Televizyon ekranlarından genç ölümler düşüyor günüme önce, dizi dizi, yanyana; sonra anaların ağırtlara karışmış gözyaşları… Sonra silahlar boy boy; aynı fabrikadan, aynı elden çıkıp farklı ellere verilmiş ölüm makineleri. Aynı ellerin çektiği iplerle imzalanan ölüm fermanları; hiç sorgulanmayan, her ölümle kabaran banka hesapları…
Bir işsiz kendi ölüm emrini veriyor sonra; ekranda yırtık çoraplı ayaklar görücüye çıkıyor, yalnızca birkaç saniye… Bir koca, karısına kurşun yağdırıyor bir otobüs koltuğunda; küçücük çocuğun gözleri donmuş, annesinin göğsündeki o kızıllıkta.
Dışardan, isli kömür dumanları sızıyor odama, sadaka kokulu; ekrandan isli demeçler… Bir haftalık erzak çuvalına değişilmiş insan iradesi zedeliyor onurumu. Daha bir kararıyor kış, daha bir azıtıyor poyraz kışı.

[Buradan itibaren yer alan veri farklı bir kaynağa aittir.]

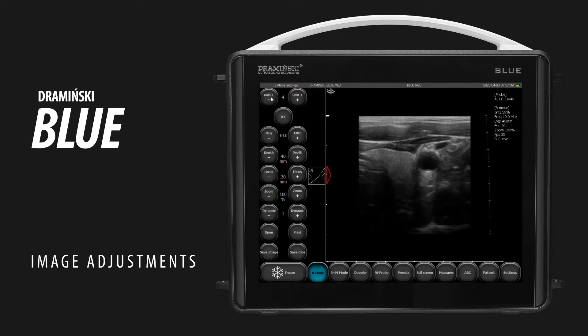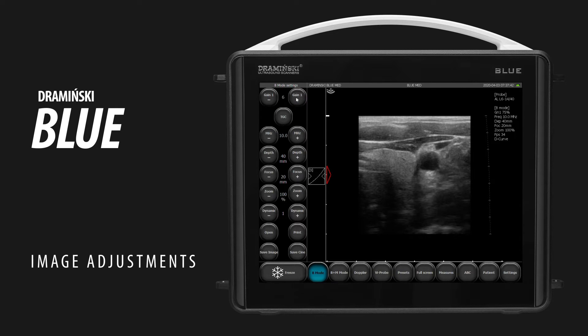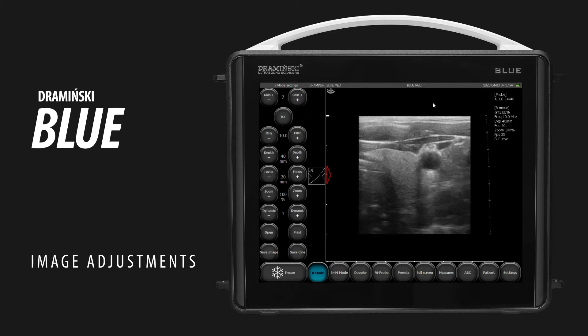To adjust overall gain, use the Gain fields or an active field located at the top of the screen.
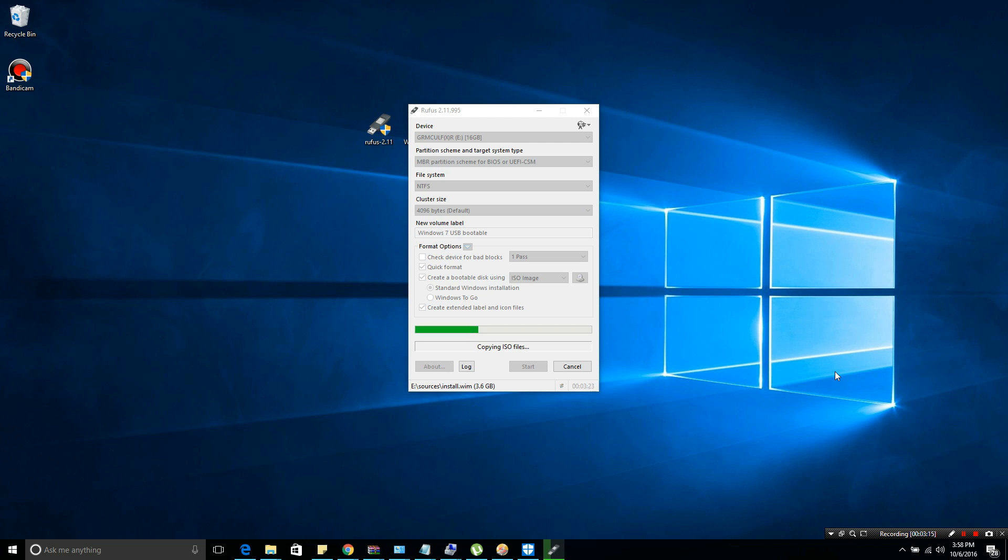The device option must be selected to your blank USB, or else you could format your main hard drive or primary hard drive, so be sure to check that out. The partition scheme and target system type must be MBR partition scheme for BIOS or UEFI-CSM.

Gülümsemesi donan güneş; unutulduğu yerde öğreniyor üşümeyi. Bulutlar ağlamayı iş edinmiş, savuruyor donmuş damlaları.
Diziler aşkı anlatıyor durmadan; aldatışlar özel ayrıntı. Gözlerim yorgun, yüreğim yorgun; agır aksak umudun adımları.
Küçücük bir kız saçlarını bohçalıyor özenle; yeniden kafes arkası kadınların yeri.
Kirlenmenin güzelliğini anlatıyor reklamlar. Kadınların dört duvar köleliği görsel ayrıntı…
Deterjanlar temizlik yarışında. Haydi, yıkayın, akıtın tüm kirleri! Dünya, o zaman yaşanır olur belki.
Ekranım kararıyor. Gece yarısı olmuş; belli. Sabaha kaç var ki?